▶ _WORK INSTRUCTION_:
Nothing but the lines from the one with "by Samuel Richardson" through the end of the data should be set down, each exactly as written, and no picture should be included.

▶ _MATERIAL SHOWN_:
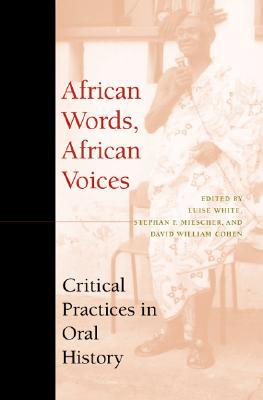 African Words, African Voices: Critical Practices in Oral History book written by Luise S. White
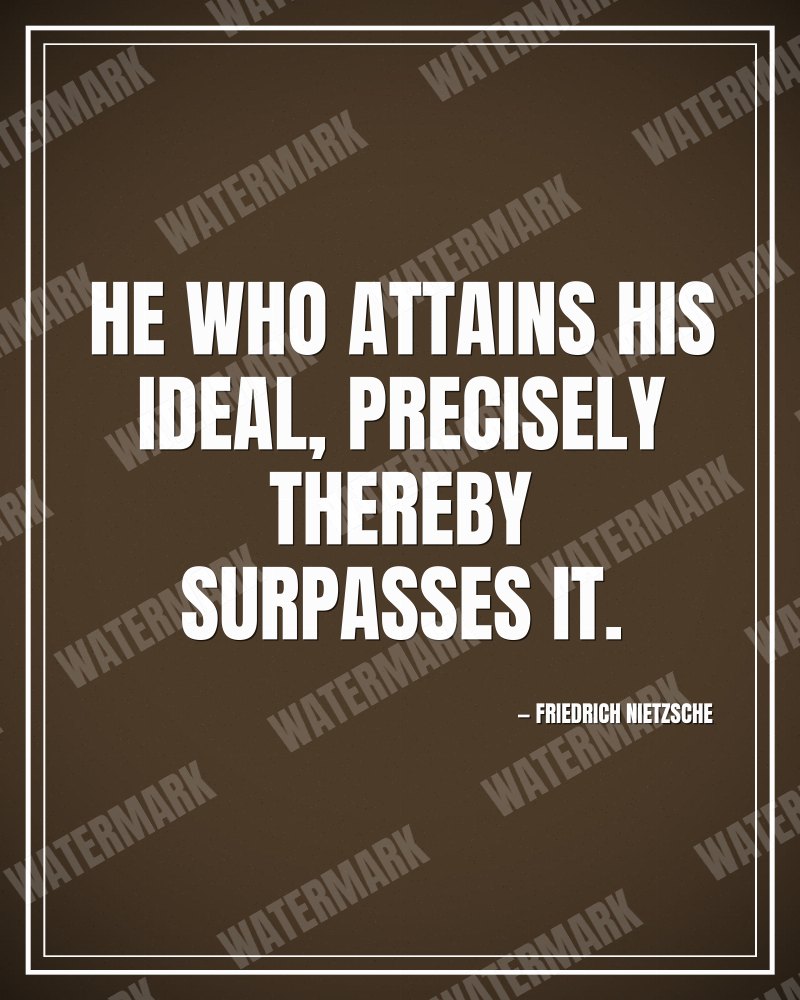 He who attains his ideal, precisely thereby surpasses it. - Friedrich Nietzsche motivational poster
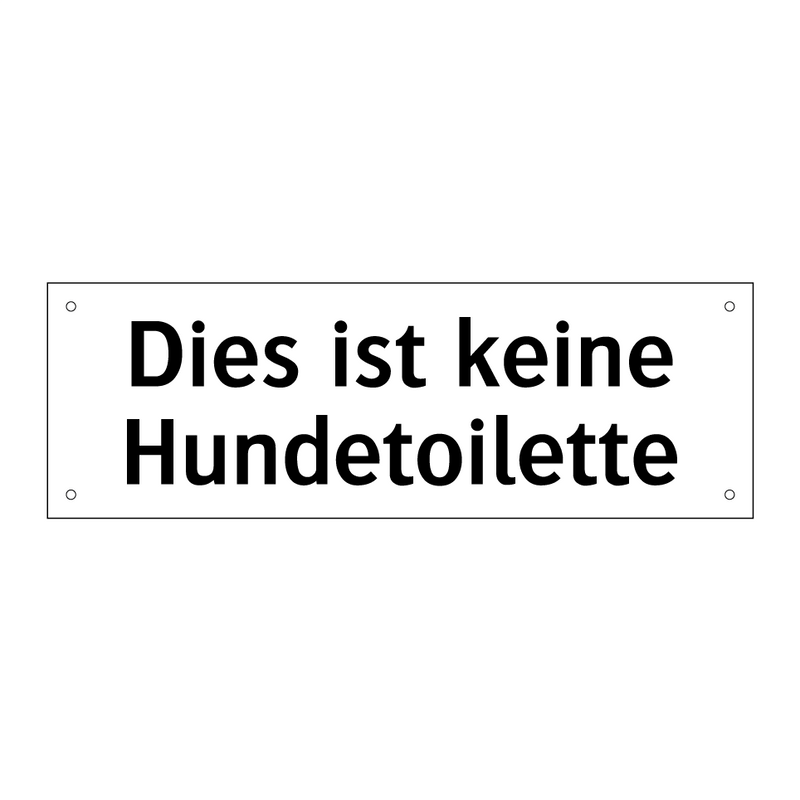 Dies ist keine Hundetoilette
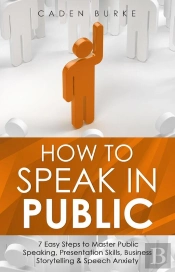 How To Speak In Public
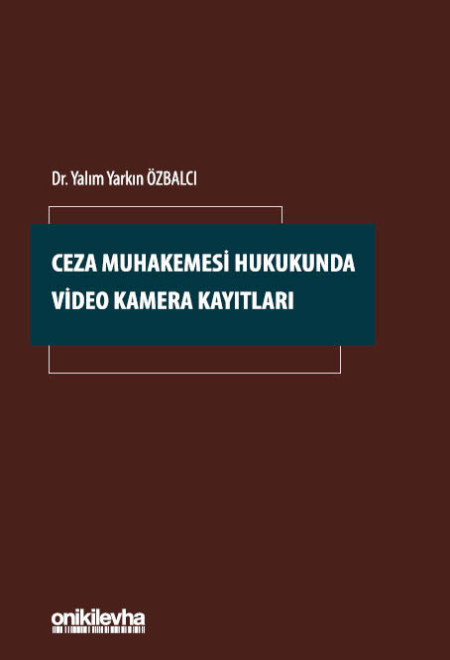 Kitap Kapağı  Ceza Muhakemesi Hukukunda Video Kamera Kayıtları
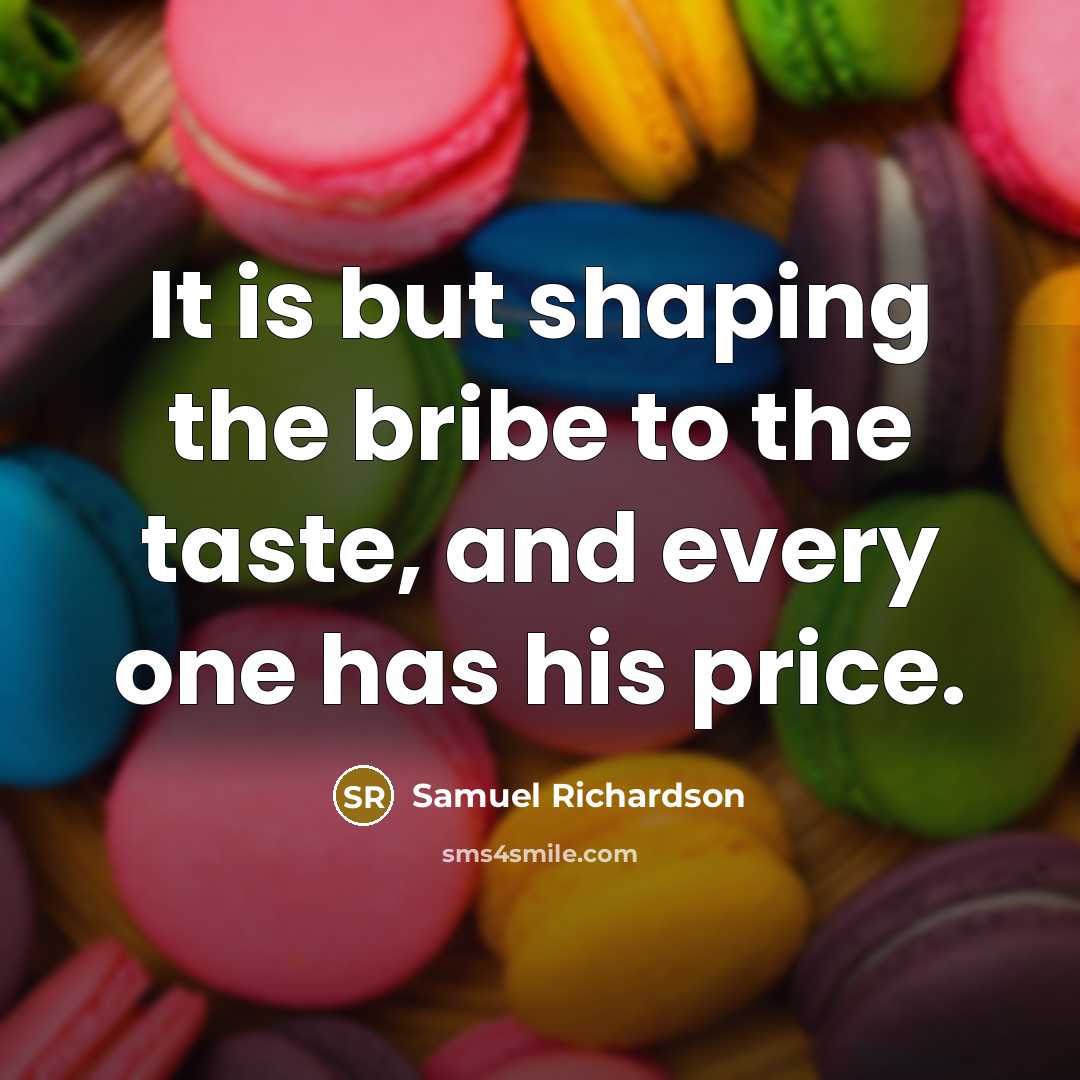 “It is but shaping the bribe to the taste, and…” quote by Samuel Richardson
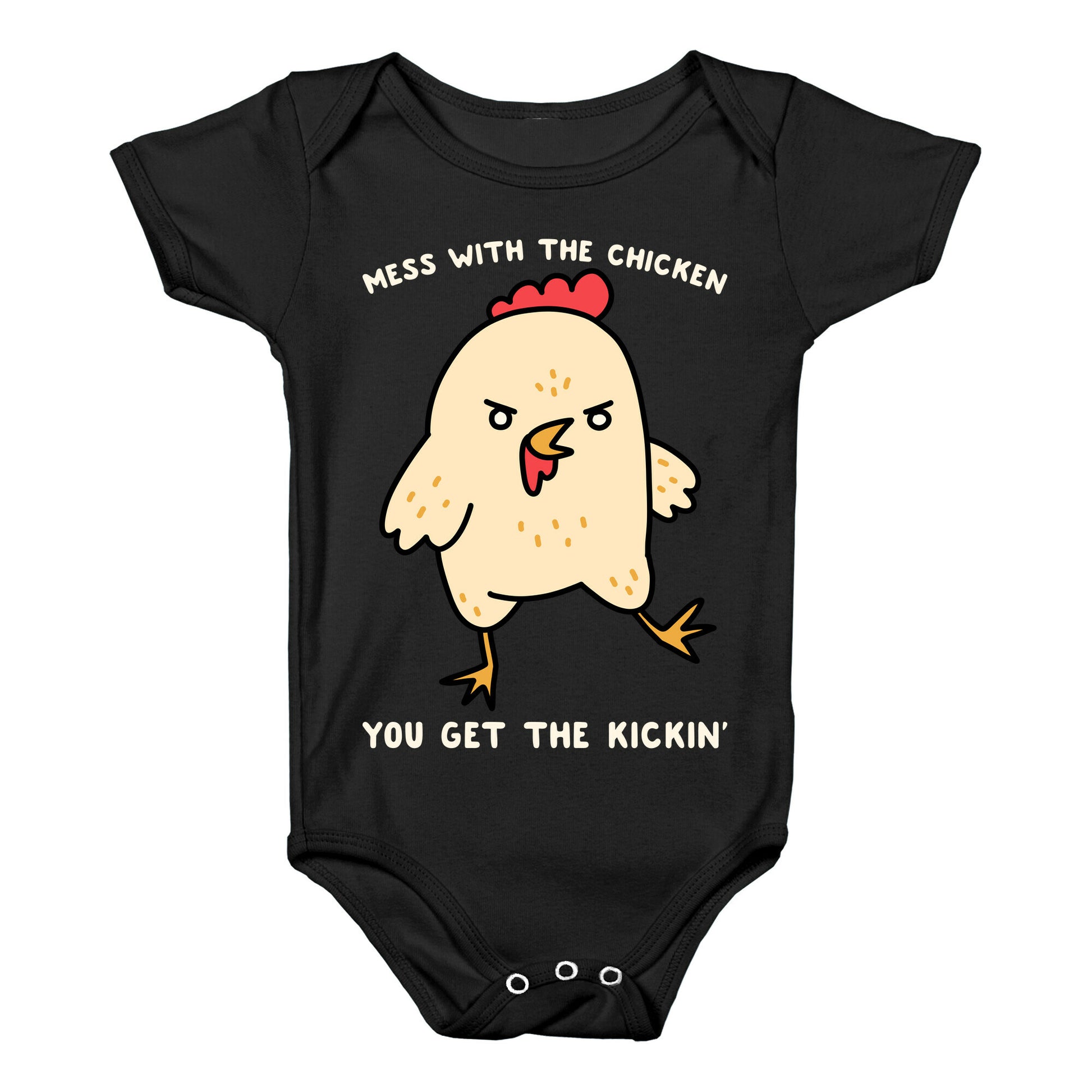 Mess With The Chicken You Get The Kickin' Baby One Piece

▶ _EXERCISE RESULT_:
 “It is but shaping the bribe to the taste, and…” quote by Samuel Richardson
 Mess With The Chicken You Get The Kickin' Baby One Piece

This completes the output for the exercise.